A slow, gradual build: one instrument layered on top of another, begging you to count down until the music explodes. Then, almost silence. At a minute and 27 seconds, the drop finally comes, and Kraddy's "Into the Labyrinth" challenges you to stand still. Don't try, it's impossible.

"I love all of the songs on the EP," says the artist of his recently released Labyrinth, "but 'Into the Labyrinth' is epic."

One of the founding members of the Glitch Mob, Kraddy (whose real name is Matthew Kratz) knows how to create electronic music best heard loud and with others. Every beat he creates is meticulously placed for maximum harmony — or disruption — with the notes around it.

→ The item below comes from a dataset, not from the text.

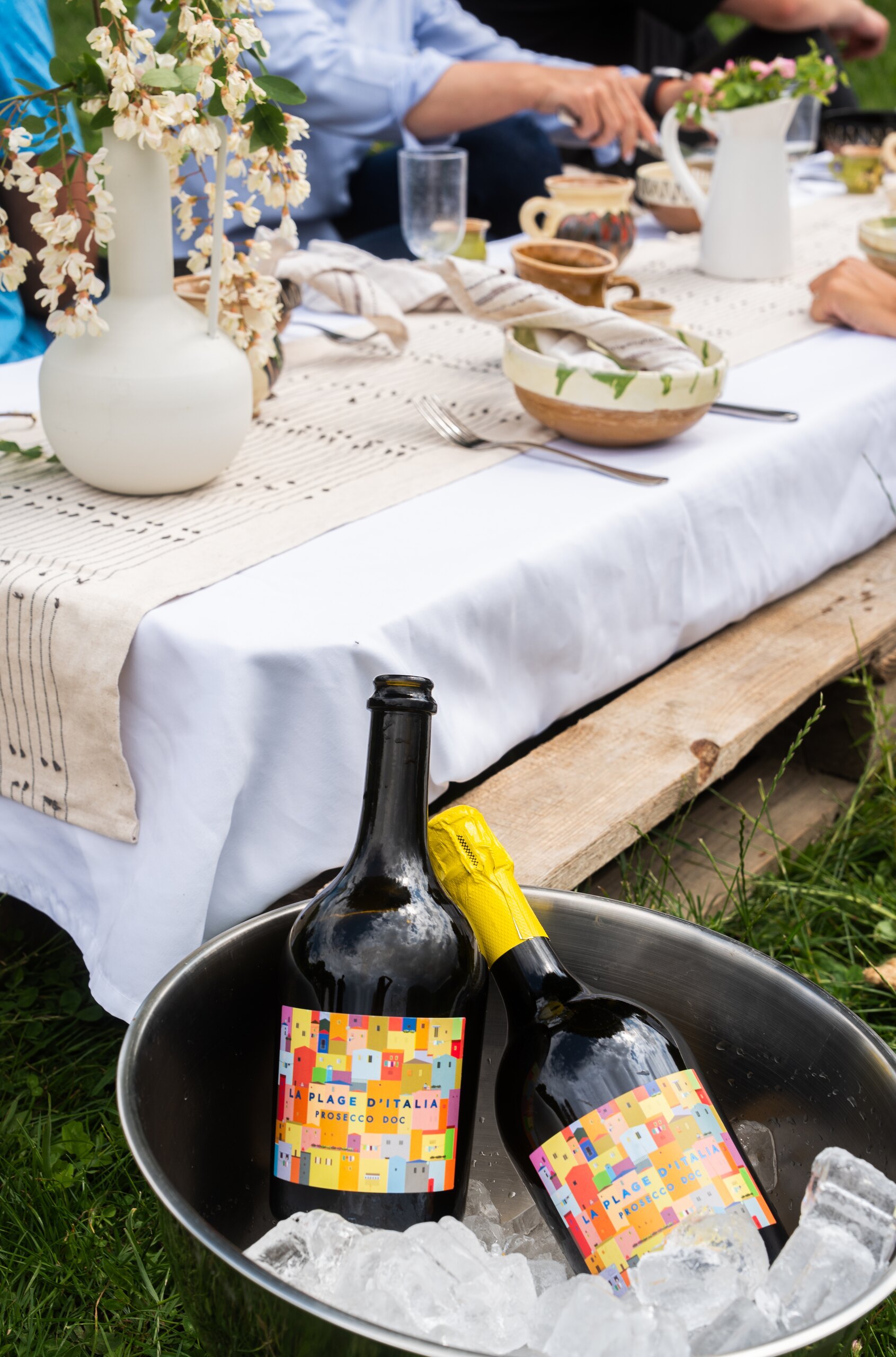 Bottles of wine in a bucket of ice beside a laid picnic table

"Glitch is like punk rock," the Los Angeles-based musician says. "There were bands like the Eagles and Led Zeppelin around, creating these extravagant guitar ballads, then punk came along and made minute-long songs where they just went crazy the whole time, pushing the instruments further than if they were just there, strumming them. That's the attitude needed to push things to the next level.

"So for us, we took all of the things that were traditionally called errors in digital music — distortion, nonsense editing, chopping and reversing things, stutters ... and made that our palette."

Since leaving the Glitch Mob in 2009, Kraddy has gained positive recognition as a solo artist, especially after his song "Android Porn" was featured on America's Best Dance Crew in 2008. Chuckling, Kraddy says, "Hearing Mario Lopez announcing my name was the highlight of my year."

As a solo artist, Kraddy says his music is following the path he envisioned it would, even if he doesn't know where that vision is going. "Writing music is very personal and every time I write new music I am uncovering a path, but I'm never sure where it will lead."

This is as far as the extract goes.